Cleon
Legend
The other invention they explored was a giant crossbow designed to hurl stones. They built and rebuilt this one, and near the end of the show they fired it.
The machine was huge, by the way, and the stone they threw was about the size of a grapefruit. Maybe a small melon. It went about 60 feet total, and while they called it a success, I saw it as a dismal failure.
I remember that show or one much like it.
The design was so obviously doomed that one wonders whether Leonardo did it deliberately - I do recall reading stories that he didn't like to invent weapons and sabotaged some of his designs.
It's pretty much impossible to build a large tension-powered missile thrower - the mechanical strain of bending the bow to store energy will cause it to snap.

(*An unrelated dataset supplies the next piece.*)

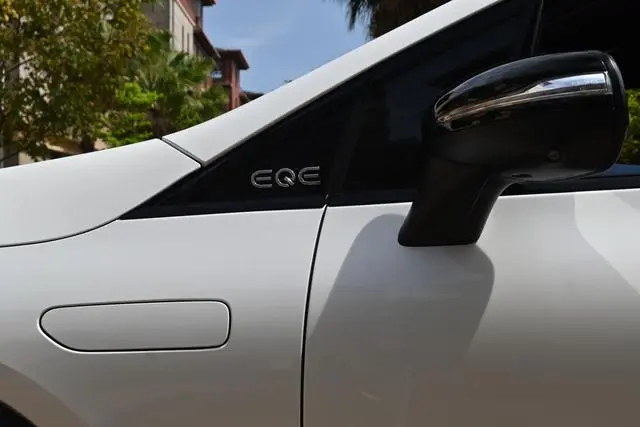 Mercedes-Benz Mercedes-Benz EQE SUV EQE SUV 500 4MATIC Ultimate Edition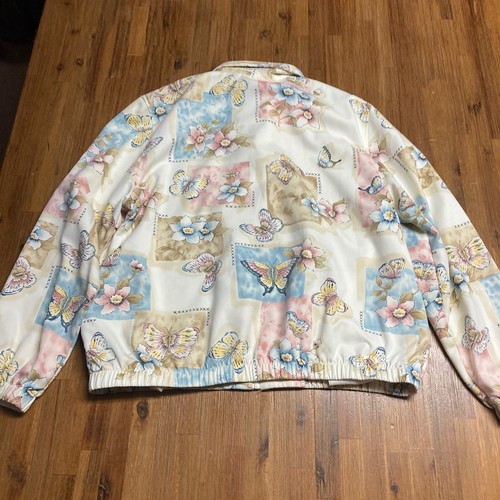 Chaqueta para mujer Alfred Dunner azul marfil rosa estampado mariposas con cremallera frontal talla 14P - Imagen 9 de 14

There's a reason why siege engines have been torsion-powered or counterweight-powered for since the ancient Greeks. Using an elastic block or weight to store the energy means your throwing arm(s) can be thick enough not to bend and break when the machine performs its intended task.
There is a trick to somewhat exceed the limits of a bow-powered missile thrower - the Multiple Bed Crossbow. Instead of one bow at the limits of the materials available, you have two or three bows with the bowstrings linked to combine their energy:

I doubt they were any better than a similarly-sized torsion arrow shooter such as a cheiroballista though.